La seconda risposta, invece, è più complessa: il cuneo, infatti, è un aggregato di varie voci, tra contributi di diversa natura (previdenziali, assicurativi e assistenziali) e imposte. È difficile quindi stabilire in astratto quanto pesi il cuneo fiscale sulla singola busta paga. Con un calcolo un po’ approssimativo, ma che rende l’idea, si può schematizzare che per ogni euro che entra nella disponibilità immediata del lavoratore, l’azienda paga quasi due euro e, in non pochi casi, qualcosina in più.
Altrettanto difficile è poi capire in che misura può essere tagliato il cuneo. Squinzi, presidente di Confindustria, non ha dubbi e chiede un taglio di dieci punti. Ponendo la questione come prioritaria rispetto a Imu e Iva, che tanto hanno animato il dibattito in seno alla maggioranza nelle ultime settimane. Certo sarebbe un taglio deciso, che da un lato renderebbe decisamente meno costoso il lavoro, dall’altro richiederebbe che il governo si produca in acrobazie politiche (ed economiche) per trovare la copertura e, trovata quella, per non perdere la maggioranza. Sarà naturalmente il tempo a verificare fattibilità e tenuta politica dell’intervento, ma la sensazione è che il tempo, vista la situazione occupazionale, sia una risorsa limitata.

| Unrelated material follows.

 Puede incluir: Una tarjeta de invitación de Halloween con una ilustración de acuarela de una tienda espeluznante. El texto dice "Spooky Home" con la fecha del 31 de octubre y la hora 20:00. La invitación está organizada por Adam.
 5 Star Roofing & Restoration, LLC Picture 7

Eppure un taglio, clandestino e sottotraccia, del cuneo fiscale in Italia c’è già stato. Riguarda una consistente fetta dei rapporti di lavoro instauratisi negli ultimi dieci anni. Senza toccare il tasto -dolente – del lavoro nero (dove per definizione cuneo fiscale, diritti e garanzie sono a zero), abbiamo assistito al dilagare di forme di collaborazione (co.co.co e poi co.co.pro.), finti rapporti libero-professionali, e altre espressioni di una “creatività elusiva” (pagamento con ritenute d’acconto, cessione di diritti d’autore, associazione in cooperative quantomeno dubbie, borse di studio, ecc.), che hanno il comune denominatore di costare molto meno all’azienda.

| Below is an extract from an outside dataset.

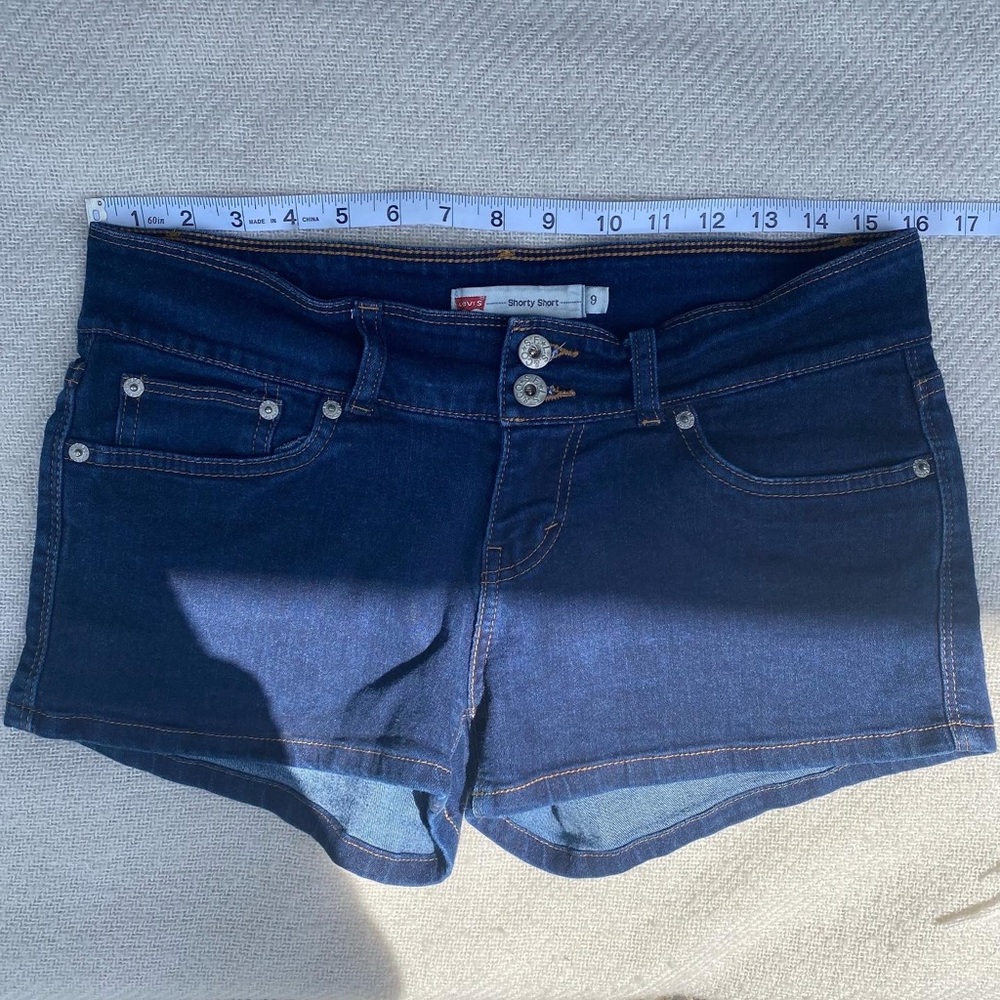Levi’s Short - Picture 6 of 8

Se quei lavoratori svolgessero effettivamente le attività descritte nei loro contratti – occasionali, senza orari o caratteristiche di subordinazione – nulla quaestio, ma il più delle volte si tratta di prestazioni che hanno tutte le caratteristiche del lavoro subordinato; a parte la precarietà e una minore, quando non del tutto assente, contribuzione. In più, i soggetti interessati da questi contratti, hanno una scarsa crescita salariale, ricevono un investimento formativo da parte dell’azienda nullo o molto limitato, hanno enormi difficoltà nell’accesso al credito, restano anche mesi senza stipendio tra un rinnovo e l’altro (quanti contratti scadono in giugno-luglio per poi ricominciare, quando va bene, a settembre?), sono i primi a essere tagliati quando l’azienda non naviga in buone acque.
In attesa di un intervento sistemico sul cuneo fiscale si potrebbe partire da qui, dallo stabilizzare i lavoratori precari mantenendo, per un certo periodo, il costo aziendale dei loro contratti attuali. Nella speranza che, nel frattempo, le assunzioni costino meno. Non sarebbe una buona scelta solo per le politiche occupazionali: sarebbe una scelta di civiltà.